Per your example post #5
The particle is described in terms of it's position and spin.

The result of the operator on the state is to separate the positions of the two spin components.
The notation is a common abuse of notation for brevity - probably why it is a bit confusing.
"x0-l" is a label for the new state telling you that the initial position wavefunction is shifted in the +x direction by distance l.

Notice how the before and after state vectors have two kets in each term?
Compare with post #1 where the before vector has only one in each term.

 

[KFC]

Yes, it means the particle is prepared with a definite initial position, but it is in a superposition of up and down states.

I think the operator $U$ represents the magnetic field in a Stern-Gerlach experiment, but am not sure. Does the book say anything about a Stern-Gerlach experiment?

Yes, it mentions Stern-Gerlach experiment. But I am still confusing if that's the way how they measure the spin or not.

 

[atyy]

Yes, it mentions Stern-Gerlach experiment. But I am still confusing if that's the way how they measure the spin or not.

The idea of $U |x_0\rangle|\text{up}\rangle = |x_0-\ell\rangle|\text{up}\rangle$ is that the magnetic field acting on an initial down state will cause it to move from $x_{0}$ to $x_0-\ell$ .

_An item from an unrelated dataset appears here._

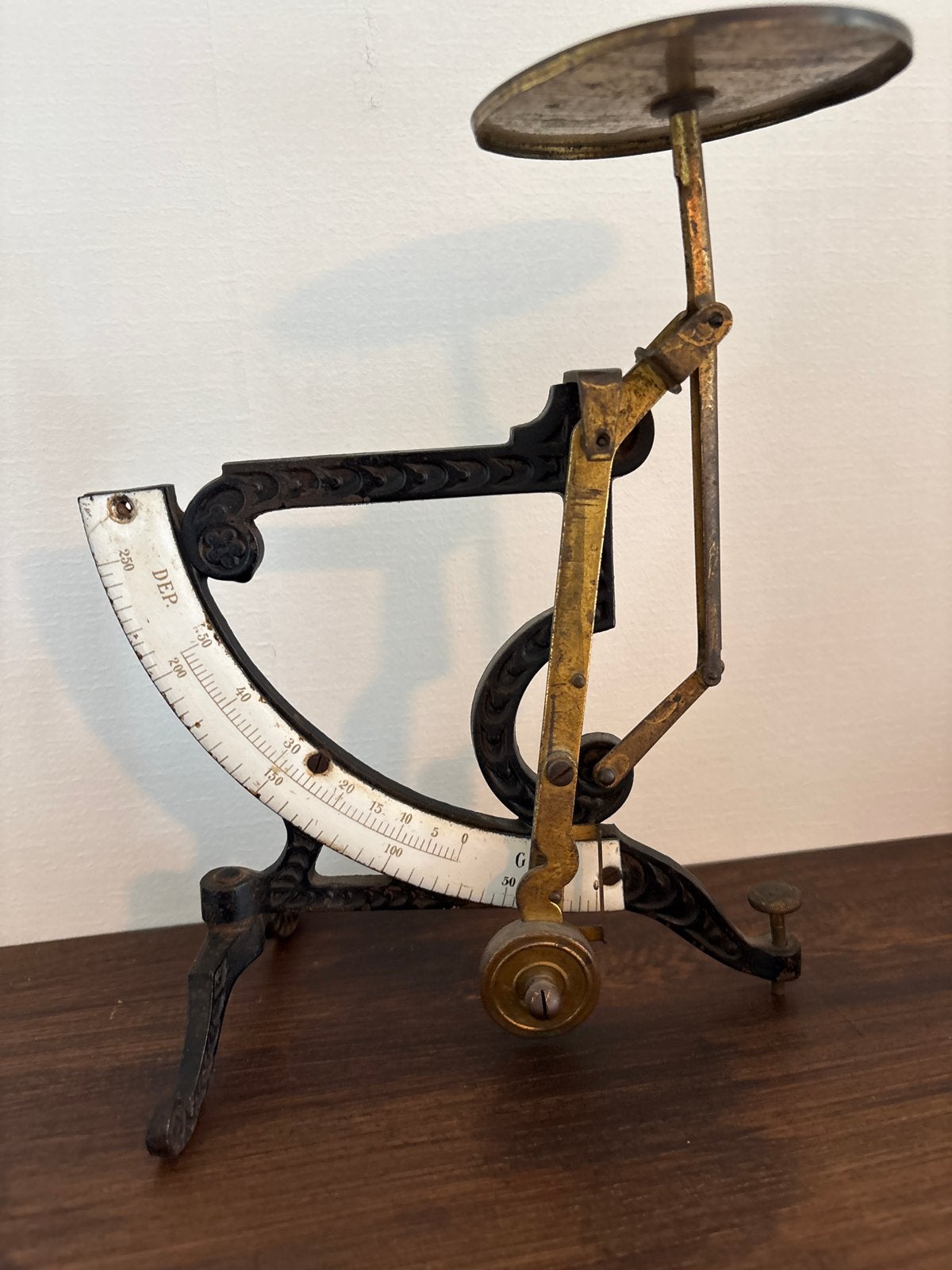 Antieke precisie weegschaal - Decoratief en functioneel, Ophalen of Verzenden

Similarly $U |x_0\rangle|\text{down}\rangle = |x_0+\ell\rangle|\text{down}\rangle$ means that the magnetic field acting on an initial down state will cause it to move from $x_{0}$ to $x_0+\ell$.

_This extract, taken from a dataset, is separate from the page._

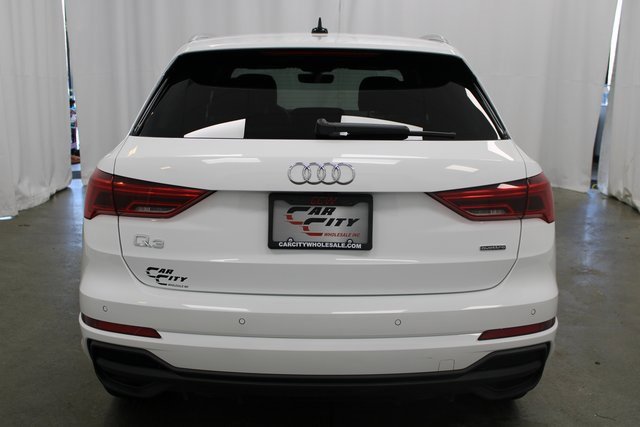 Used 2024 Audi Q3 2.0T Premium image 6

The time evolution operator $U$ is linear, so it will act linearly on an initial state that is a superposition $a|x_0\rangle|\text{up}\rangle + b|x_0\rangle|\text{down}\rangle$.

 

[KFC]

http://en.wikipedia.org/wiki/Bra–ket_notation#Composite_bras_and_kets
|a>|c> means the same as |a,c>

Per your example post #5
The particle is described in terms of it's position and spin.

The result of the operator on the state is to separate the positions of the two spin components.
The notation is a common abuse of notation for brevity - probably why it is a bit confusing.
"x0-l" is a label for the new state telling you that the initial position wavefunction is shifted in the +x direction by distance l.

Notice how the before and after state vectors have two kets in each term?
Compare with post #1 where the before vector has only one in each term.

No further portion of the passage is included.